33. The State party should guarantee the right to peaceful assembly, in conformity with article 21 of the Covenant and international standards. The State party should not use security laws and measures to intimidate members of civil society who exercise this right and should ensure that they are able to operate freely, with access to funding.
Participation in public affairs
34.While the Committee welcomes the formation of the National Commission of Women and the increasing participation of women in politics, its notes that the percentage of women working in the industrial and public sector remains low (art. 25).
35. The State party should take all measures, including the adoption of temporary special measures, necessary to further increase the participation of women in the private and public sectors, particularly in decision-making positions.
D.Dissemination and follow-up
36.The State party should widely disseminate the Covenant, its fifth periodic report, the written replies to the Committee’s list of issues and the present concluding observations with a view to raising awareness of the rights enshrined in the Covenant among the judicial, legislative and administrative authorities, civil society and non-governmental organizations operating in the country, and the general public.
37.In accordance with rule 71, paragraph 5, of the Committee’s rules of procedure, the State party is requested to provide, by 10 November 2019, information on the implementation of the recommendations made by the Committee in paragraphs 11 (violence against women, including domestic violence), 19 (right to life, liberty and security of person and humane treatment of persons deprived of their liberty) and 25 (refugees and non-refoulement) above.
38.The Committee requests the State party to submit its next periodic report by 10 November 2022 and to include in that report specific up-to-date information on the implementation of the recommendations made in the present concluding observations and of the Covenant as a whole.
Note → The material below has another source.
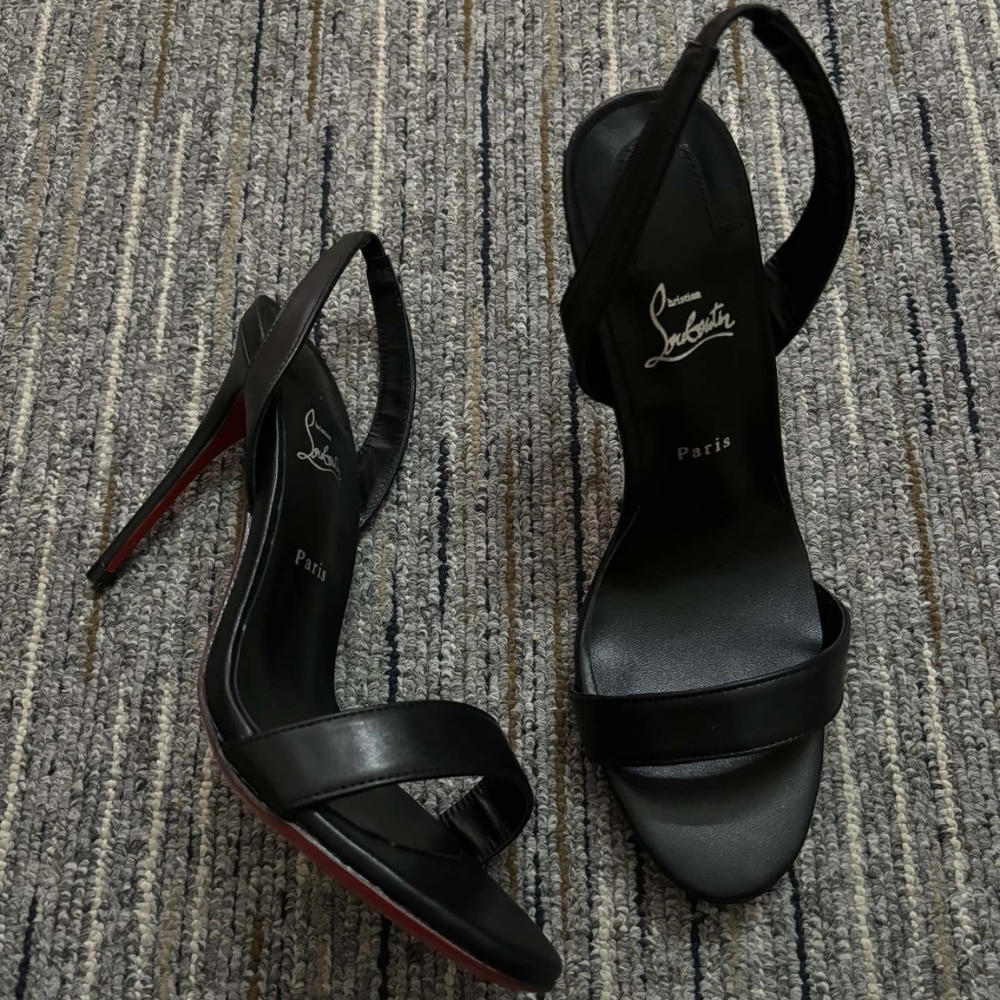 Christian Louboutin O Condora Strappy Sandal Patent Leather Black 1250975B439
The Committee also requests the State party, in preparing the report, to broadly consult civil society and non-governmental organizations operating in the country. In accordance with General Assembly resolution 68/268, the word limit for the report is 21,200 words. Alternatively, the Committee invites the State party to agree, by one year after the adoption of the present concluding observations, to use its simplified reporting procedure, whereby the Committee transmits a list of issues to the State party prior to the submission of its report. The State party’s replies to the list of issues will constitute the next periodic report to be submitted under article 40 of the Covenant.